RPI4B+ dietpi-backup fails(?) some days

theverymrp · 13 June 2022 02:12

Required Information

DietPi version |
G_DIETPI_VERSION_CORE=8
G_DIETPI_VERSION_SUB=5
G_DIETPI_VERSION_RC=1
G_GITBRANCH=‘master’
G_GITOWNER=‘MichaIng’
Distro version | bullseye
Kernel version | aarch64 GNU/Linux
SBC model | RPI4+
Power supply used | (EG: 5V 1A RAVpower)
SD card used |

Hi, I run a pretty basic setup, really just proFTP and Portainer (that runs vpn and various arrs + plex). Up until late May I was backing up the system as described here: Automate dietpi-backup - #14 by brightwolf

This functionality has since been added to dietpi-backup so I decided to swap over to that.
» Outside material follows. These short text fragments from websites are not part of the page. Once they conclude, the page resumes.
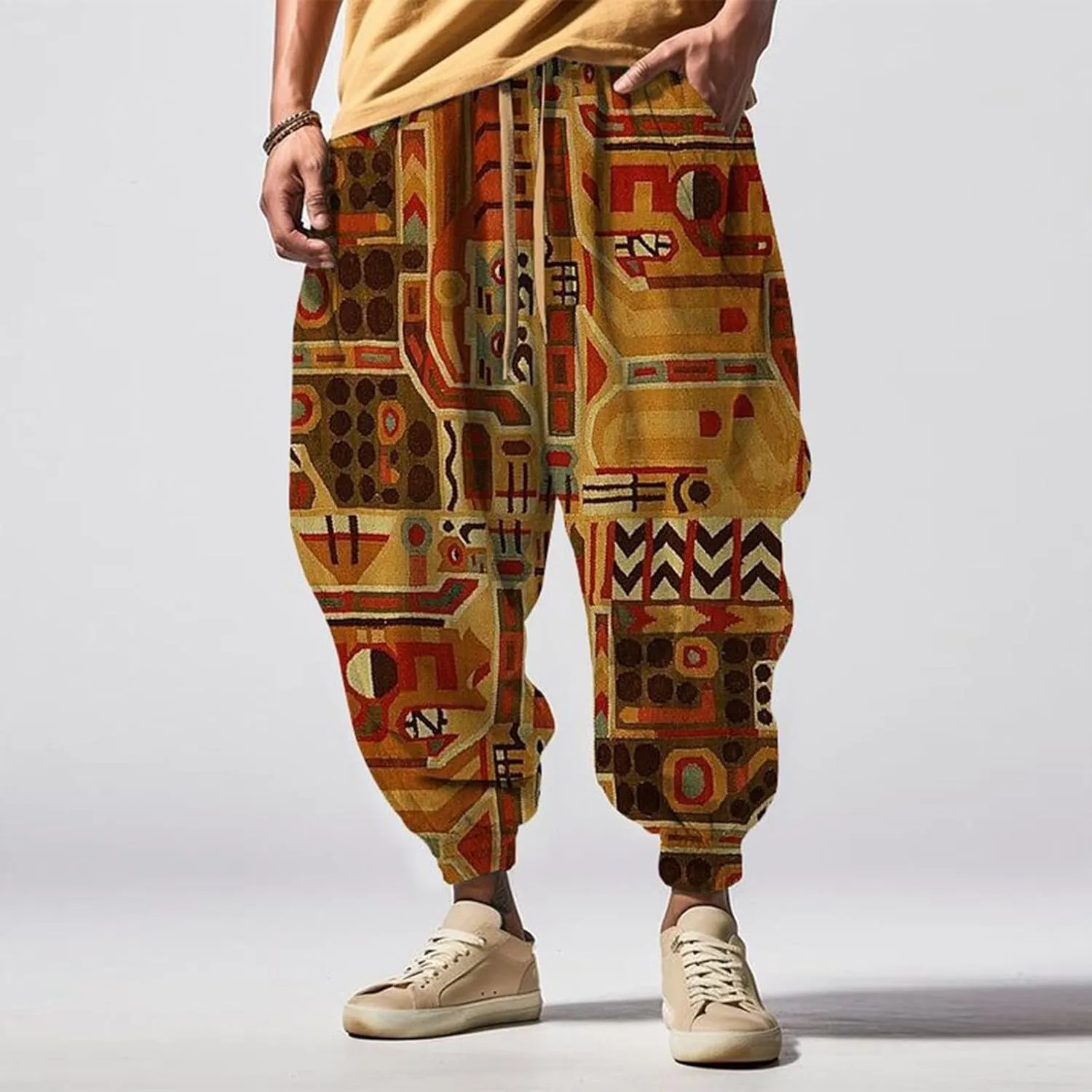 Mens Cotton Linen Waist Casual Ankle Length Pants Sweatpants Mens Loungg Pants Techwear Pants Mens White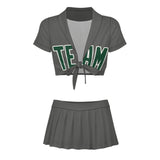 Custom Dark Grey Green Cheerleading Uniform Set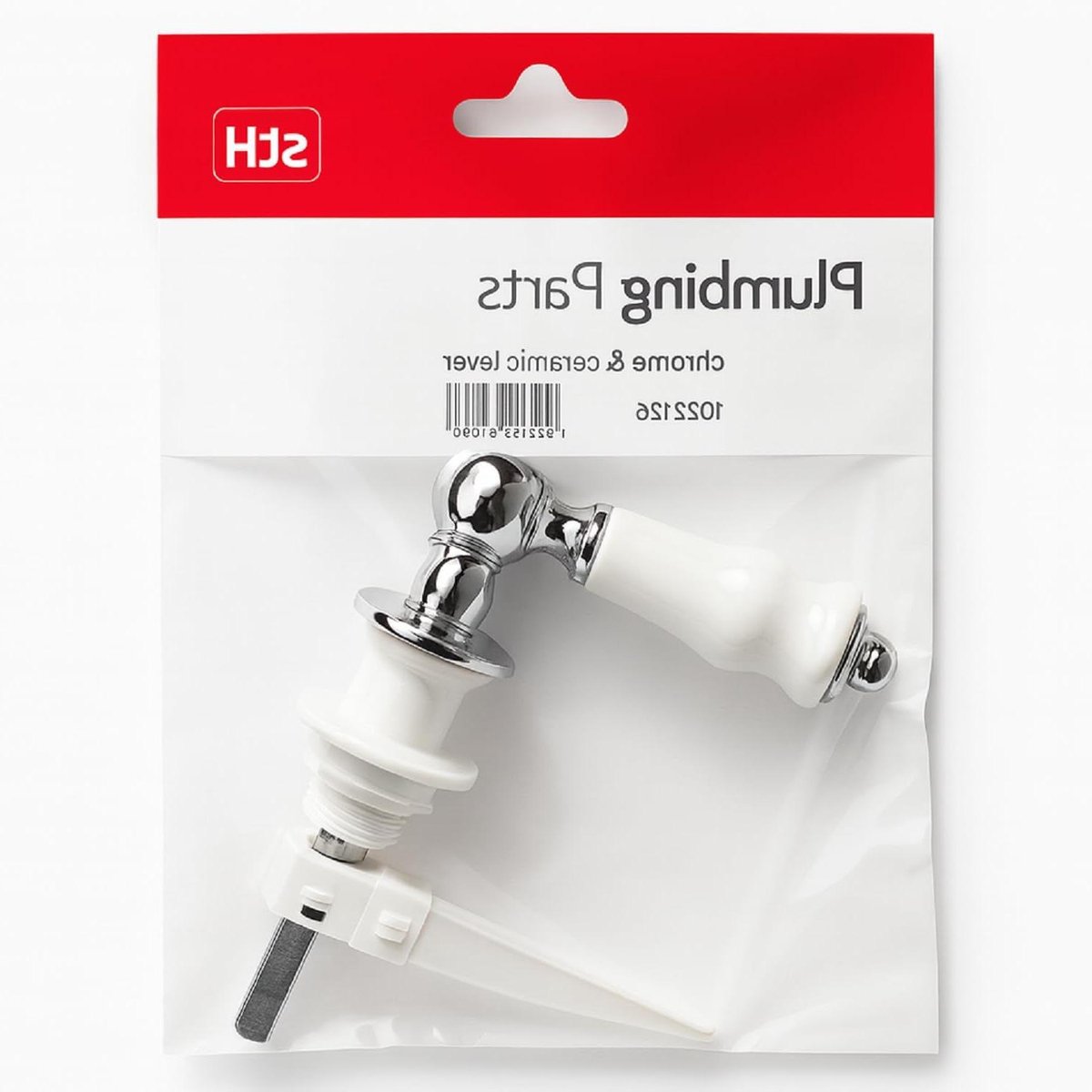 Stortbak Hendel - Toilet Hendel - Toilet Reparatie - Keramisch & Chroom - 32 x 18 cm - Wit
The problem I’ve found is that dietpi-backup regularly doesn’t complete/fails and therefore that the services are not restarted until I do it manually.

Expected behaviour
– services are stopped

backup is completed
services are restarted

Actual behaviour

services are stopped
backup is not completed
services are not restarted

Extra details
Daily cron has been set to run at 2am.
.dietpi-backup.log shows no completed entry for today (13th)

.dietpi-backup_stats
Backup completed : 2022-05-22_04:53:59
Backup completed : 2022-05-23_02:04:32
Backup completed : 2022-05-24_02:40:28
Backup completed : 2022-05-25_02:14:13
Backup completed : 2022-05-28_02:03:55
Backup completed : 2022-05-31_02:04:10
Backup completed : 2022-06-03_02:03:39
Backup completed : 2022-06-06_02:04:34
Backup completed : 2022-06-09_02:05:09
Backup completed : 2022-06-12_02:02:54

● docker.service - Docker Application Container Engine                                                               │
                              │      Loaded: loaded (/lib/systemd/system/docker.service; disabled; vendor preset: enabled)                           │
                              │     Drop-In: /usr/lib/systemd/system/docker.service.d                                                                │
                              │              └─dietpi-simple.conf                                                                                    │
                              │      Active: inactive (dead) since Mon 2022-06-13 02:00:46 +07; 6h ago                                               │
                              │ TriggeredBy: ● docker.socket                                                                                         │
                              │        Docs: https://docs.docker.com                                                                                 │
                              │     Process: 688653 ExecStart=/usr/bin/dockerd -H fd:// --containerd=/run/containerd/containerd.sock (code=exited,   │
                              │ status=0/SUCCESS)                                                                                                    │
                              │    Main PID: 688653 (code=exited, status=0/SUCCESS)                                                                  │
                              │         CPU: 14min 39.913s                                                                                           │
                              │                                                                                                                      │
                              │ Jun 13 02:00:37 DietPi 85d4103e3a4f[688653]: [s6-finish] sending all processes the TERM signal.                      │
                              │ Jun 13 02:00:39 DietPi ad3d0da37160[688653]: [s6-finish] sending all processes the KILL signal and exiting.          │
                              │ Jun 13 02:00:39 DietPi 3466f74bc0f5[688653]: [s6-finish] sending all processes the KILL signal and exiting.          │
                              │ Jun 13 02:00:39 DietPi 68001ceb3ac3[688653]: [s6-finish] sending all processes the KILL signal and exiting.          │
                              │ Jun 13 02:00:40 DietPi 8f2ad045b4ca[688653]: [s6-finish] sending all processes the KILL signal and exiting.          │
                              │ Jun 13 02:00:40 DietPi 2f6df63c9780[688653]: [s6-finish] sending all processes the KILL signal and exiting.          │
                              │ Jun 13 02:00:40 DietPi 85d4103e3a4f[688653]: [s6-finish] sending all processes the KILL signal and exiting.          │
                              │ Jun 13 02:00:46 DietPi systemd[1]: docker.service: Succeeded.                                                        │
                              │ Jun 13 02:00:46 DietPi systemd[1]: Stopped Docker Application Container Engine.                                      │
                              │ Jun 13 02:00:46 DietPi systemd[1]: docker.service: Consumed 14min 39.913s CPU time.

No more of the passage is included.